The first thing I noticed about Louis Garneau Course 2LS was their popping white color with silver mesh vents. High marks for design points here and throughout. Grasping the shoes, I was amazed by the incredible light weight of the shoes. When first trying them on, I found the shoes to be remarkably comfortable (they remained so through hours of riding). In fact, they were so comfortable that at first I wondered if they would provide the necessary rigid support. After a week of riding, including a healthy dose of hill repeats and sprint work, I can say emphatically that the Course 2LS are luxurious in both level of comfort and support.

As far as general size and feel, the Course 2LS performed very well. The material in the shoe's upper has a touch of elasticity, helping the shoe to fit tightly yet without digging into my feet or causing undue pressure over the top of my foot. The heel cup fit securely, locking the rear-foot into place without causing any discomfort or pinching, and the forefoot had plenty of space in the toe box. Throughout the inside of the shoe, there was plenty of space to accommodate my rather bulky custom insoles. This is a nice feature, with many riders using custom or semi-custom insoles (e.g. superfeet). In general, my feet felt locked in place without feeling compressed. In terms of sizing, my subjective experience was that they run slightly small in length and slightly wide in width. For reference, my feet are fairly narrow, and I wear a size 10.5 Nike. The Course 2LS in size 44 was a touch wide, though not problematic, and perfect in length.

I often retighten my shoes 15-30 minutes into a ride, and with the Course 2 LS shoes I was easily able to dial in some extra tightness without the hassle of straps or buckles. As it turns out, muscular contractions in the legs force extracellular fluid from our feet, where it normally accumulates, causing our feet to literally shrink as we warm up. Asking a few of my teammates, I'm not alone in wanting a shoe that is easily tightened and retightened on-the-fly, especially when hitting the wind and taking those first couple hard pulls of the day.
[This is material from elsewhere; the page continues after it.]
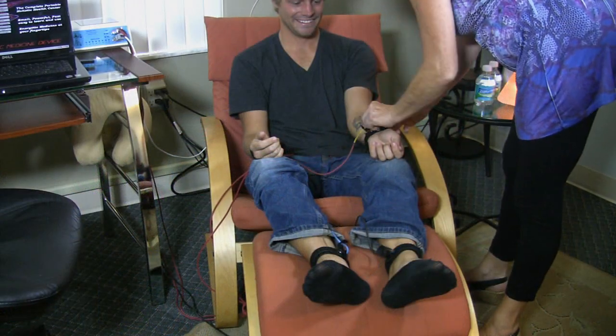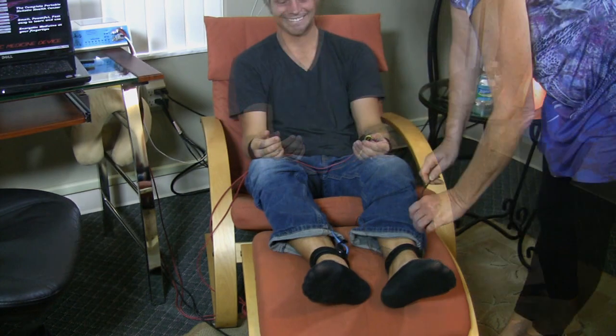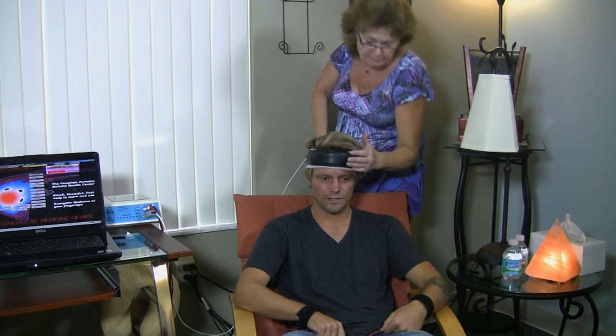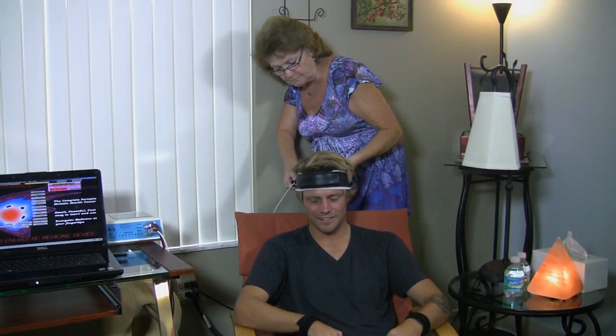My understanding is that the SCIO — you basically hook electrodes up to the wrists, ankles, and forehead — and it can read those subatomic energetic signatures at any level of granularity, from the whole human body and organ systems down to individual organs and individual cells. It can even see things that are not supposed to be in the body, such as parasites, heavy metals, or toxins, and it can see their energetic signatures. By doing that, it can give you a clear indication of what's going on with a person's health in combination with other kinds of testing.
In their ability to tighten and retighten with ease, the LG Course 2LS has you covered. They are equipped with the Boa closure system, consisting of two Boa dials that offer on-the-fly adjustability, and that can easily tighten the wire lacing for the securest of fits. And, the Boa dials loosen just as efficiently. Like breaking a seal on a tight vacuum, With one pull on each dial, the closures release and my feet could easily slip out after a ride.

Adding to the secure upper of the shoe is the ultra stiff Ergo Air carbon sole. I found these soles to be as stiff as any cycling shoe I've tried, and those looking for a super stiff and light platform at the center of the foot-pedal interface need look no further than the Course 2LS shoes.

Cleat position is an aspect of the foot-pedal interface intrinsic to bike fit, and an important consideration in a cycling shoe is the placement of the cleat holes in the sole. As a google search will reveal, cleat position is a contentious issue among bike fitters, but most authorities agree that manufacturers have an unfortunate tendency to place the holes to far forward, thus eliminating a more rearward position. The LG Course 2LS shoes strike a golden mean here, offering the potential for a more rearward position without eliminating a standard, moderately forward placement. (A google search will also reveal the Louis Garneau shoes receive positive accolades for slightly more rearward cleat hole placement along bike fitters around the globe). A typical forward cleat position places the 1st metatarsal phalangeal joint- that is, the base knuckle of the big toe- directly over the peddle spindle with the foot parallel to the ground and the crank arm at 3 o'clock. This happens to be my preferred cleat position, and with slightly long toes (effectively moving the cleat back slightly), I had no trouble dialing-in my cleats on the LG Course 2LS. I had a touch of room to spare if I wanted a more forward position (unlikely, for me anyway), and plenty in rearward aft placement, using my Shimano SPD-SL cleats.

In summary, the LG Course 2LS are a brilliant combination of comfort, support and style, integrating an awareness of bike fit with ultra high-end materials construction and materials. I look forward to many miles ahead with these pedal pushers securing my feet to the pedals.